Reserve Bank of NZ to pause on interest rates
The run of recent rate cuts may be over.
On Thursday the Reserve Bank will review the official cash rate (OCR) for the first time since Governor Graeme Wheeler cut the benchmark rate to a record low 2.25 per cent. It was the fifth interest rate cut in the last seven OCR reviews.
While no consumers borrow at the rate of the OCR, it has a strong influence on mortgage and savings rates across the economy, which are now at the lowest level in decades.
The surprise cut immediately prompted ANZ to forecast that the OCR would fall to 1.75 per cent by the end of the year, with most commentators expecting at least some further easing before Christmas.

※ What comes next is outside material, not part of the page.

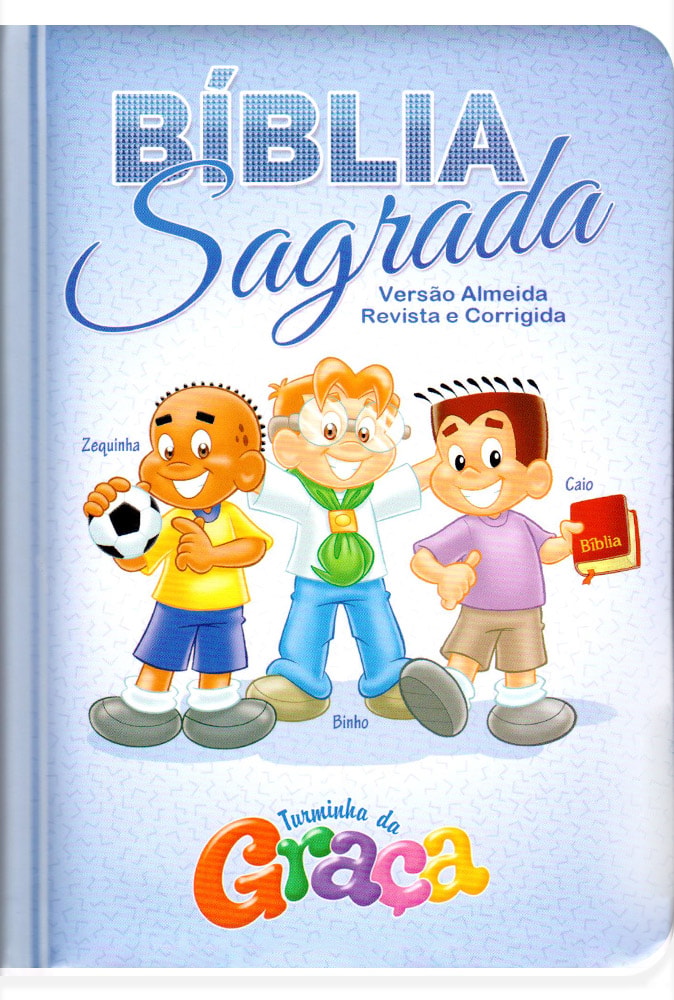 Bíblia da Turminha da Graça | Capa Almofadada | Menino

But on Friday, ANZ senior economist Philip Borkin said there were emerging signs of inflation coming in areas of the economy which were performing strongly, such as accommodation and construction, which could bring an end to falling interest rates.
Oil prices had risen from the lows of the start of the year, pushing up the price of petrol, a move which tends to push up prices up across the economy.
"It's likely that we've seen the lows in inflation. The inflation environment is benign, but not as benign as a few months ago," Borkin said.
"It's an environment where calling the OCR lower from here doesn't feel that comfortable to be honest. Whether we see any cuts from here is becoming a question.
Borkin said that while ANZ is still officially picking two more OCR cuts this year, economists at the bank were "losing a bit of conviction" on that call.
Although the strength of the kiwi dollar - now above where it was when the Reserve Bank cut in March - would provide a "headache" for the bank, Borkin said signs of resurgence in the housing market in March could add caution, with lower interest rates likely to add fuel to rising property prices.
Of the four major Australian banks, only BNZ is forecasting that the Reserve Bank will cut on Thursday, while both ASB and Westpac say the decision is still live, but likely to see the OCR unchanged until June.
Westpac senior economist Michael Gordon said the central bank's March forecasts implied one more cut this year, and Wheeler was likely to wait until it had updated its forecasts in June before deciding whether it should deliver another cut.
Although the housing market had risen in March, it came after a period of flatness, meaning prices were below the level the Reserve Bank expected they would be at now.
"We're not in a world where they're so shocked by the housing market that they're not going to cut any further."
Westpac's forecast is that the OCR will drop to 2 per cent, however Gordon said there were a wide range of possibilities given uncertain global economic conditions. However the odds were stacked more towards interest rates going significantly lower than they were for no further cuts.
"It's far more likely that [the OCR] will go below 2 per cent than [it] will end above 2 per cent," Gordon said.
Thursday's OCR review will be the first since the Reserve Bank called an immediate end to media lock ups in the wake of MediaWorks admitting Newshub had breached the embargo.